» What the task asks: Write the entries out exactly. Any images they hold stay out of the copy.

» Records supplied:
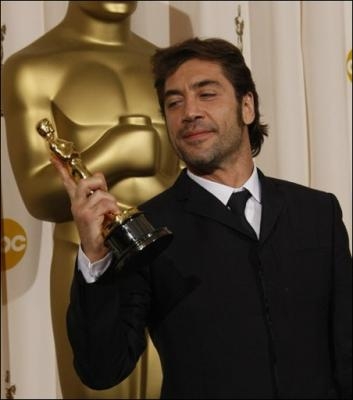 [1038373720-javier-bardem-entra-historia-ganar-primer-oscar.jpg]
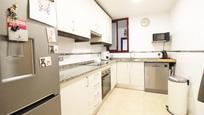 Kitchen of Planta baja for sale in El Vendrell  with Terrace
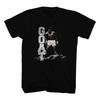 Muhammad Ali Boxing Champion GOAT Greatest Of All Time Men's T Shirt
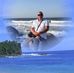 Profile Picture of André Borchert (@andre.borchert.39) on Facebook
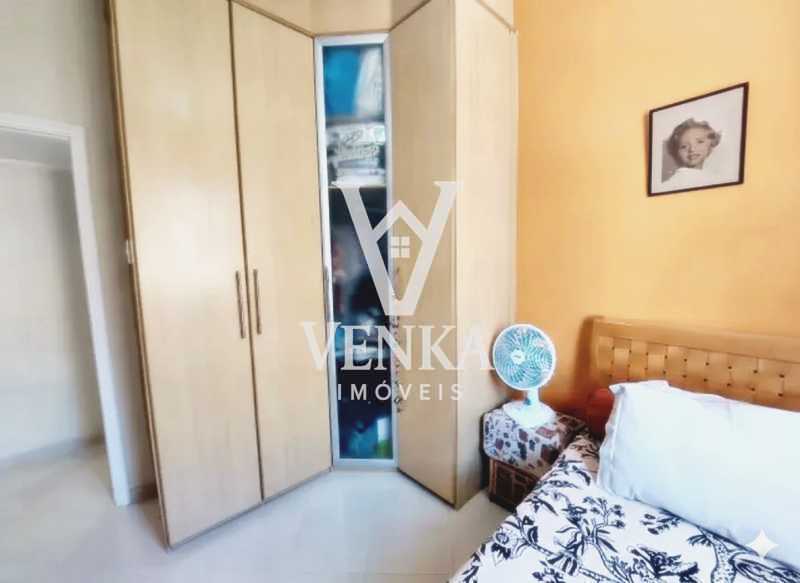 Conheça 13 do imóvel - Cobertura à venda Rua Pompeu Loureiro,Rio de Janeiro,RJ Copacabana - R$ 1.850.000 - VKCO40012 - 13 13 - 13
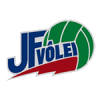 JF Volei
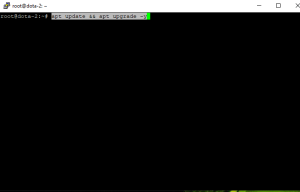 سرور مجازی VPS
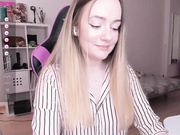 lil_happiness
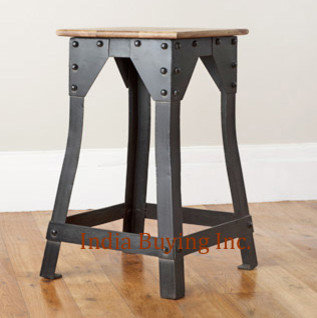 Industrial furniture, Country furniture, French furniture, Vintage furniture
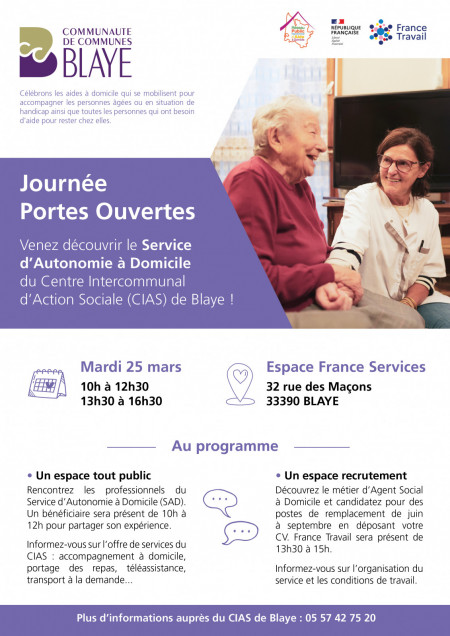 2025-02-17 - Affiche Journée Portes Ouvertes SAAD_v5.jpg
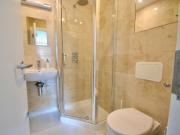Studio Flat, Gloucester Street, SW1V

» Solution for this exercise:
 [1038373720-javier-bardem-entra-historia-ganar-primer-oscar.jpg]
 Kitchen of Planta baja for sale in El Vendrell  with Terrace
 Muhammad Ali Boxing Champion GOAT Greatest Of All Time Men's T Shirt
 Profile Picture of André Borchert (@andre.borchert.39) on Facebook
 Conheça 13 do imóvel - Cobertura à venda Rua Pompeu Loureiro,Rio de Janeiro,RJ Copacabana - R$ 1.850.000 - VKCO40012 - 13 13 - 13
 JF Volei
 سرور مجازی VPS
 lil_happiness
 Industrial furniture, Country furniture, French furniture, Vintage furniture
 2025-02-17 - Affiche Journée Portes Ouvertes SAAD_v5.jpg
Studio Flat, Gloucester Street, SW1V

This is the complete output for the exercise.